2. How large are you? Alcohol does most of its injury when the concentration in the blood is high. The larger you are, the more it takes to reach a high concentration; conversely, the smaller you are, the less it takes.
3. Does your family have a susceptibility to the effects of alcohol? People are genetically different from one another and metabolize medications (including alcohol) at different rates. Some people claim that they can't drink a lot without a problem, as and yet those same people can be knocked head over heels by a simple Benadryl tablet. If your family history suggests a low limit, expect you will have one too. Size and gender may be less important when it come to handling alcohol than our genetic history.
4. Are you mixing types of alcohol?

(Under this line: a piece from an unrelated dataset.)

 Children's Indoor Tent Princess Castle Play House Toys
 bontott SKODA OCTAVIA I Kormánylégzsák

There are no good scientific studies on this, but an old French proverb about "mixing grain and grape" or observations that beer and whiskey, or various other combinations can lead to strange illness and bedfellows has not been disproven.
5. What, and how much are you drinking? (One of my pet peeves in the office is when I ask a patient to estimate what and how much they drink. Most of the time, my patients don't have a clue). Perfect examples: "one drink a night" (mixed in a pitcher), "some wine and a cocktail" (a bottle of wine and an endless cocktail).

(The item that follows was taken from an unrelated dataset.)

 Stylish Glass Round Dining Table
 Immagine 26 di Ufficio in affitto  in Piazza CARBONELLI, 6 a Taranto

Here are some useful estimates for you:
A standard "shot" of whiskey is 45 cc, and if it is 86 proof (43% alcohol by volume), contains 19.35 cc of alcohol by volume: 100 calories.
Cocktails add calories to the above, a minimum is about an extra 75 calories for standard drinks, but add cream or an "umbrella" and you would do just as well with ice cream from the dietary point of view (and get extra calcium without any deterioration of your driving skills).
A wineglass is usually 6 oz (180cc), if it is 11% (most wines are 11-12%) it contains 19.8 cc of alcohol by volume, calories: 170 (120-270), sweet dessert wines have more calories).
Wine coolers: add the calories of the fruits and additive sugar.
A can of beer is usually 12 oz (360cc), if it is 5% (most beer is 4-6%), it contains 18 cc of alcohol by volume, calories: 95 to 200 (darker beers have more calories).
A word of caution about alcohol is needed. All of the studies linking alcohol to a reduction in the incidence of cardiovascular problems are population based. The populations studied are adults of a certain age. No study that I am aware of demonstrates a health benefit for starting young, or for drinking for a longer term. As with anything else, moderation is appropriate. Two apples a day doesn't keep the doctor away more than one, five apples a day would not improve your health, but will expand your waistline. The same is true of alcohol.